» **Exercise prompt**
Scan the lines below; pull out those with "Link".

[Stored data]
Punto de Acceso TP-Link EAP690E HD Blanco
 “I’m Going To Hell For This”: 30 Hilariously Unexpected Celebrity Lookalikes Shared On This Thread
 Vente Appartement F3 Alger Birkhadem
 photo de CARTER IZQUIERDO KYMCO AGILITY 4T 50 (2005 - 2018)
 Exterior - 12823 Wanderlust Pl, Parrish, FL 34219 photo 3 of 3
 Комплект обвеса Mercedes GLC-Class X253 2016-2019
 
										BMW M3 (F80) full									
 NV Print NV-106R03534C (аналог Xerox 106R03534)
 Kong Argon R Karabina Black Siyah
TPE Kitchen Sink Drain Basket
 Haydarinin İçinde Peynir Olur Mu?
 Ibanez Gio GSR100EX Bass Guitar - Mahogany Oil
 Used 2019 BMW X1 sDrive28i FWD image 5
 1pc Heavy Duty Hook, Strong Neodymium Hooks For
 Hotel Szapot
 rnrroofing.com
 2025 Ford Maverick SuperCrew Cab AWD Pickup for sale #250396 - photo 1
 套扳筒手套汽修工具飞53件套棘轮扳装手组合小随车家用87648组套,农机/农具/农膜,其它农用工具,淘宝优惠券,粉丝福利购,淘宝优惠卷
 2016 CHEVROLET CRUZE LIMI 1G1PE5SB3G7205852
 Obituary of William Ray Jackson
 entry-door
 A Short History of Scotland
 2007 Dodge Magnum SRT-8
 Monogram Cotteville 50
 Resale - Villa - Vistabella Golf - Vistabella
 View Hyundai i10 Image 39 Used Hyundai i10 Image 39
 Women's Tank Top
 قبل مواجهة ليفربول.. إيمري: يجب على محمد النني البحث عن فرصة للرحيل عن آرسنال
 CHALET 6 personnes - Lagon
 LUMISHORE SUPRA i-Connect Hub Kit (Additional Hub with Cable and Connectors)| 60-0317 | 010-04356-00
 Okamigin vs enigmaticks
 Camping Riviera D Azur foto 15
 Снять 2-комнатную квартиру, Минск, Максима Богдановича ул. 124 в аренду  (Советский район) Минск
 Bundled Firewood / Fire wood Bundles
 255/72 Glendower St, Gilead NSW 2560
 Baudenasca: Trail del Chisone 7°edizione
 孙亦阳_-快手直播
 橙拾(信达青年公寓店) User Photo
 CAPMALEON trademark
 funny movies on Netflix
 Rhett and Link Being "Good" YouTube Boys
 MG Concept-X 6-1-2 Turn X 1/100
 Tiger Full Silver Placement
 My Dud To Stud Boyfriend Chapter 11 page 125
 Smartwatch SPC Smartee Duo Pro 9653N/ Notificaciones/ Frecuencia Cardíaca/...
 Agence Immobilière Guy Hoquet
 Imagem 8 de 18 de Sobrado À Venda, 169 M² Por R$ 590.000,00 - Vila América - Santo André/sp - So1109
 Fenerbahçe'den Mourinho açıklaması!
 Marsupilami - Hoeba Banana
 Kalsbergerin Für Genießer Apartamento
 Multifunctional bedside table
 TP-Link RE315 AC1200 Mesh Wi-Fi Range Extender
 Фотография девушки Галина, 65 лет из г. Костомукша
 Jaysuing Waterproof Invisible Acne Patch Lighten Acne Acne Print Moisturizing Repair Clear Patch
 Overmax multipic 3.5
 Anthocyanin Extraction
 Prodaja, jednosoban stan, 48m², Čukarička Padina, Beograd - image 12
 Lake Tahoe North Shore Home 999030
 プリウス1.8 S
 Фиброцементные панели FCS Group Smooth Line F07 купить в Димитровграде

» **Answer for this exercise**
Punto de Acceso TP-Link EAP690E HD Blanco
 Rhett and Link Being "Good" YouTube Boys
 TP-Link RE315 AC1200 Mesh Wi-Fi Range Extender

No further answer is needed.